Monday, November 9, 2020

The people we know best

A great part of the appeal of reading fiction is the discovery that the reader knows much more of the inner life of the characters in the book than of his or her own family members or friends.
Paul Theroux, Figures in a Landscape

Paul Theroux
This statement by Paul Theroux may seem startling at first. Can it possibly be true that I know Huckleberry Finn or Scout Finch better than I know my own child? How can I possibly know more about the people in that mystery I'm reading than I know about my best friends? They aren't even real people, but just fictional characters.

Yet of course it is true. The key is that phrase Theroux uses, "inner life," referring to thoughts, feelings and secrets. In the real world, the only inner life we can know anything about is our own. There are, of course, those people who seem always ready to share their thoughts, feelings and secrets with us, whether we are interested in them or not. Once they do, however, these revelations cease to be "inner life," and there will always be some thoughts, feelings and secrets that remain unrevealed.

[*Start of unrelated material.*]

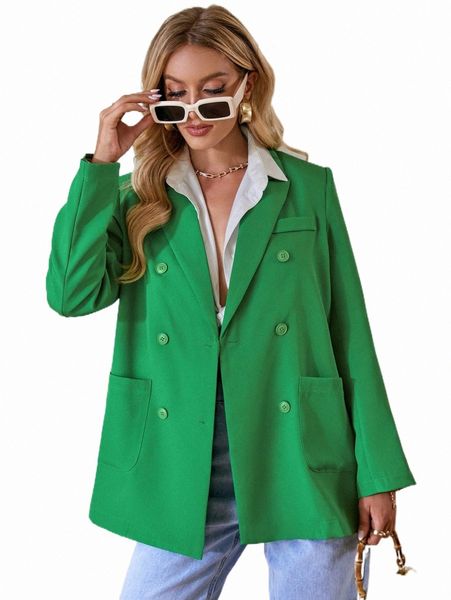 

women's two piece pants double breasted pocket detail blazer u4lz#, White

Reading fiction is like reading minds. The reader quickly learns things about fictional characters that could never be known about a friend or relative. In real life we often don't understand why people do the things they do. In fiction we do because authors tell us. This insight does not transfer from page to screen, a big reason why movies are rarely as good as the books from which they were adapted. Showing an actor's face is about all a director can do to reveal what is going on in a character's mind, which is about all we have in the case of the people in our own lives. In real life we read faces, voices, actions and words and from this must deduce what a person is actually thinking. An author writing in third person can simply tell us.

Consider these opening lines from novels:

"Her first name was India — she was never able to get used to it." — Mrs. Bridge by Evan S. Connell Jr.

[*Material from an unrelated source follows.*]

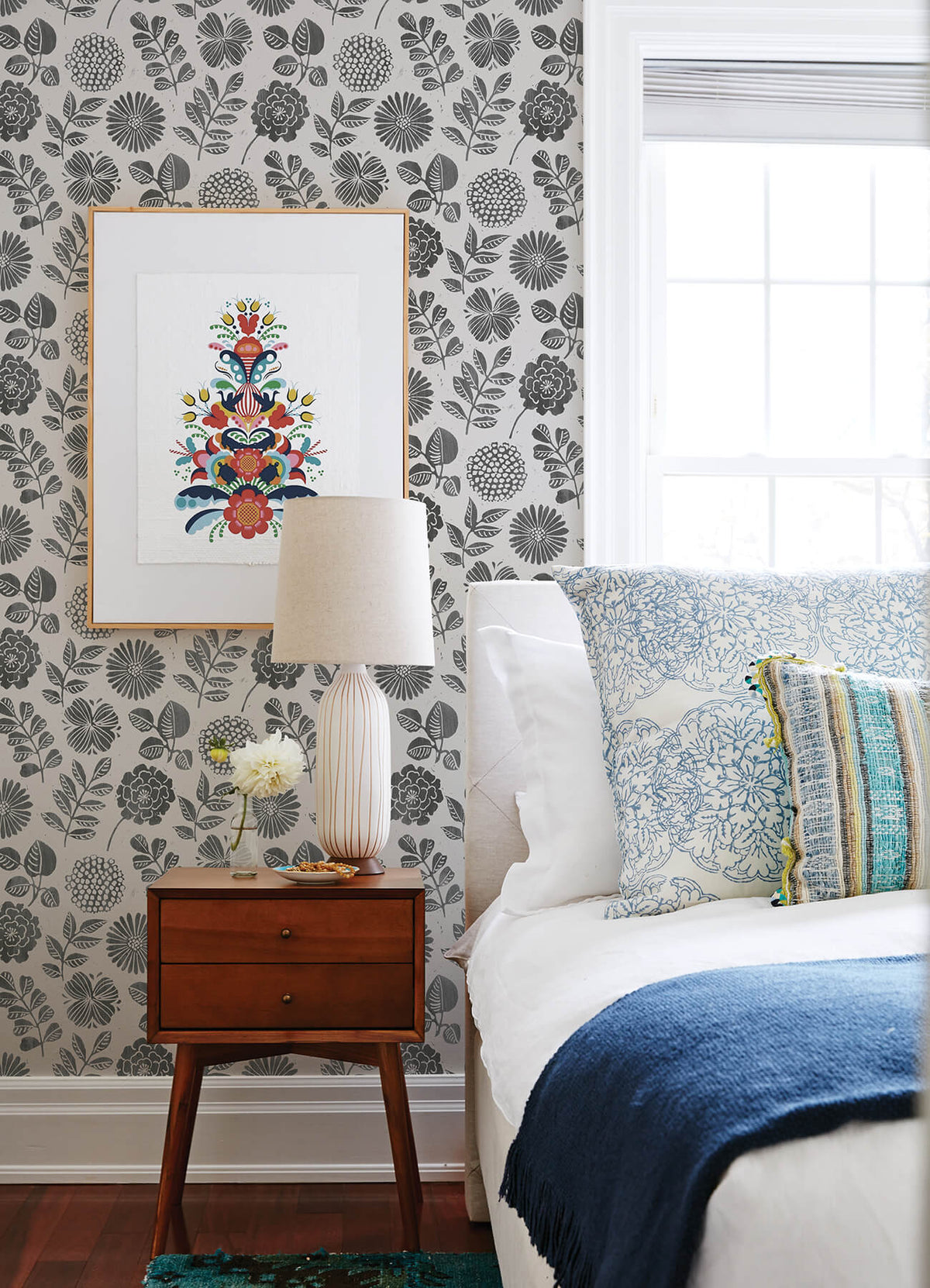 A-Street Prints Hannah Inge Floral Print Wallpaper - Black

"Hale knew they meant to murder him before he had been in Brighton three hours." — Brighton Rock by Graham Greene

"Harmony is driving home, eastward out of Las Vegas, her spirits high, her head a clutter of memories." — The Desert Rose by Larry McMurtry

"As Benedict Stone huffed his way to work, the sweet smell of the cherry scones in Bake My Day made him forget for a moment that his wife, Estelle, had packed her purple suitcase and moved out of their home." — Rise & Shine, Benedict Stone by Phaedra Patrick

In each case the words sound like fiction, not fact, and the giveaway is the inner life the lines reveal. Maybe someone writes lines like these in a biography, but not likely. The novelists take us inside a character's mind. India has never gotten used to her name. Hale knows someone wants to murder him. Harmony is happily pondering a clutter of memories. Benedict Stone momentarily forgets that his wife has left him. Were these real people, our friends perhaps or even members of our own family, we might never know these things about them.

All this makes reading pleasurable, even if those fictional people in our books can never really replace the real people in our lives.